At first, as pointed out above, I believed that a school-boy error had been committed:  not considering how many gCO2e the occupants produced per kilometre. 

Let us assume that the car driver averages 60 km/h (37.5 mph), which is in-the-middle compared to other choices for simple "back-of the-fag-packet calculation": 30 km/h or 90 km/h.  30 km/h, which will double the following result. 90 km/h (56 mph) will reduce it by a third. The choice of speed isn't that important. 

Allow our average American to consume their 2600 kcal/day, which works out at 108 kcal/hr. At the 60 km/h the occupant will produce 1.8 gCO2e/km, which is fairly insignificant compared to the CO2e from the car.

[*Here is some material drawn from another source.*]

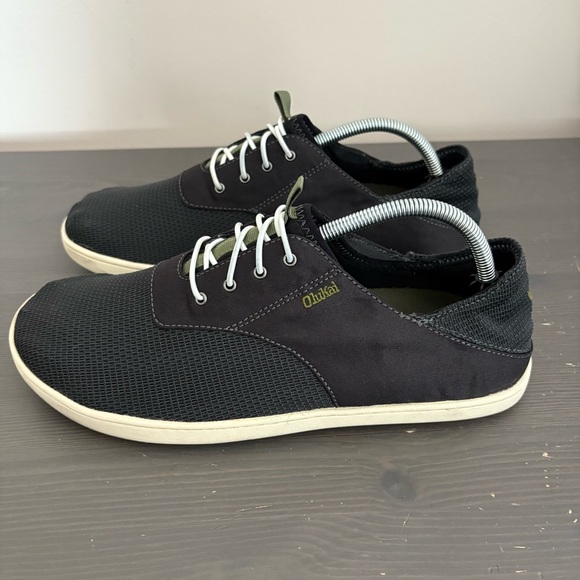 OluKai Other - Olukai Nohea Mens Moku Slip On Mesh Boat Sneakers Black Size 10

I think that is why the CO2 produced by the occupants is not included, regardless of their vegan or other credentials. I was rather hoping to be able to prove a point. 

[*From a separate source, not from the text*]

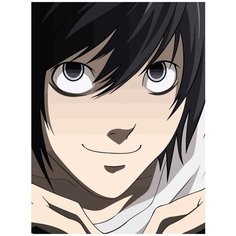 Картина по номерам на холсте Аниме Тетрадь смерти 5506 30x40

I do have a concern, which is how the figure of 50 kcal.km was obtained. A cursory search led to a calculator http://www.tribology-abc.com/calculators/cycling.htm. Thanks for tribology for that. I am sure that, as the Beeb would say, other cycling calculators are available. A quick play with play with their default  values gave a figure somewhat less than in the article, but I am sure within a suitable range depending on a cyclist's weight, efficiency etc. 

The next part of the article is rather confusing - referring  to land use. The person, whether driver, cyclist or both (though not at the same time  21  both eat - I assume. Both make use of the petro-chemical industry  - one rather more than the other.  However, that does neatly bring us back to J Harrison, for the second statement is not without merit as a car.

Jharrison5 wrote:

Is the chemical and material cost of manufacture neglected in these calculations?

It's a few years' old, but I've quoted scientific papers older than that; this article in The Guardian (https://www.theguardian.com/environment/green-living-blog/2010/sep/23/ca...) gives that half of a car's emissions occur during manufacture. I must admit that I only skimmed the article, as I have to go to work tomorrow. However, if that is for an average car, the figures per km for a car are out by a factor of 100% and those of the Prius would therefor be more inacurrate. No figures are available per kilometre for the manufature of a bicycle, but they are more simple machines.

This would give 600 gCO2e/km to the average car, 450 gCO2e/km to the Prius. Compared to roughly 200 gCO2e/km to the meat-munching Paleo cyclist, through to about 150 gCO2e/km for the average American cyclist and 100 gCO2e/km to the vegan cyclist.  So it seems to be several times worse to drive than cycle.

As the author pointed out - cars allow one to travel many more miles, so in using one one tends to have a higher gCO2e  footprint.